Only the lines below between the one holding "Des sushi. Des rouleaux. gros plan — Photo" and the one holding "Comfortable Chanel CC", inclusive, are to be reproduced word for word; the pictures are to be left out.

MATERIAL PROVIDED —
'''
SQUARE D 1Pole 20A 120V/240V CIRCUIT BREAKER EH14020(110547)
'''
'''
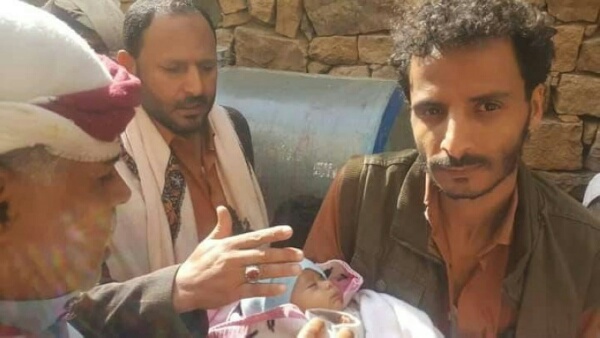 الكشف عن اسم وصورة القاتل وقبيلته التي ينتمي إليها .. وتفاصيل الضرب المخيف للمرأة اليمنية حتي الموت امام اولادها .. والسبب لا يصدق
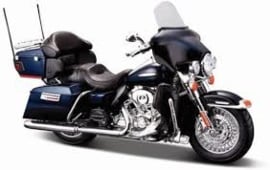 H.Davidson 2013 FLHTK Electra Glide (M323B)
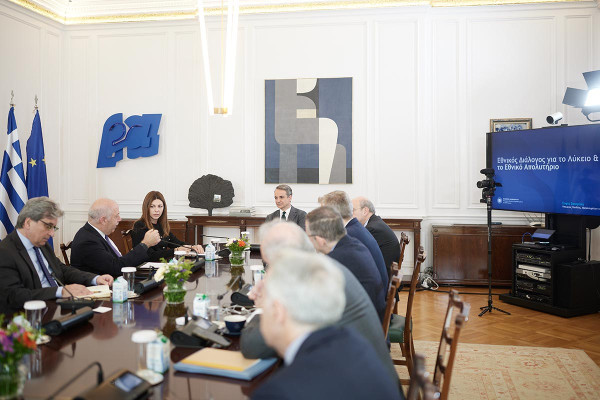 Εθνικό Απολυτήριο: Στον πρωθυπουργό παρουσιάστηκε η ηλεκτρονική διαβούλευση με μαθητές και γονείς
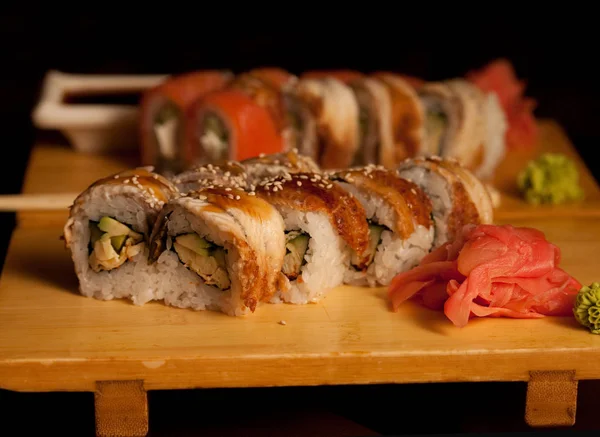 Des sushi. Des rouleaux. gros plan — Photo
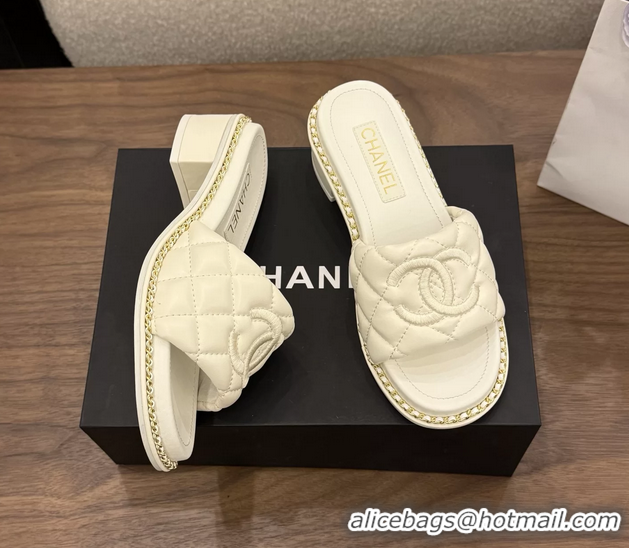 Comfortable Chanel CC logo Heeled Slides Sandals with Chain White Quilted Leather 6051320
'''
'''
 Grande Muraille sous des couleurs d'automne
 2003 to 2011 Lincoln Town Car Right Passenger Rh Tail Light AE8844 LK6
'''
ANSWER TO THIS TASK —
 Des sushi. Des rouleaux. gros plan — Photo
 Comfortable Chanel CC logo Heeled Slides Sandals with Chain White Quilted Leather 6051320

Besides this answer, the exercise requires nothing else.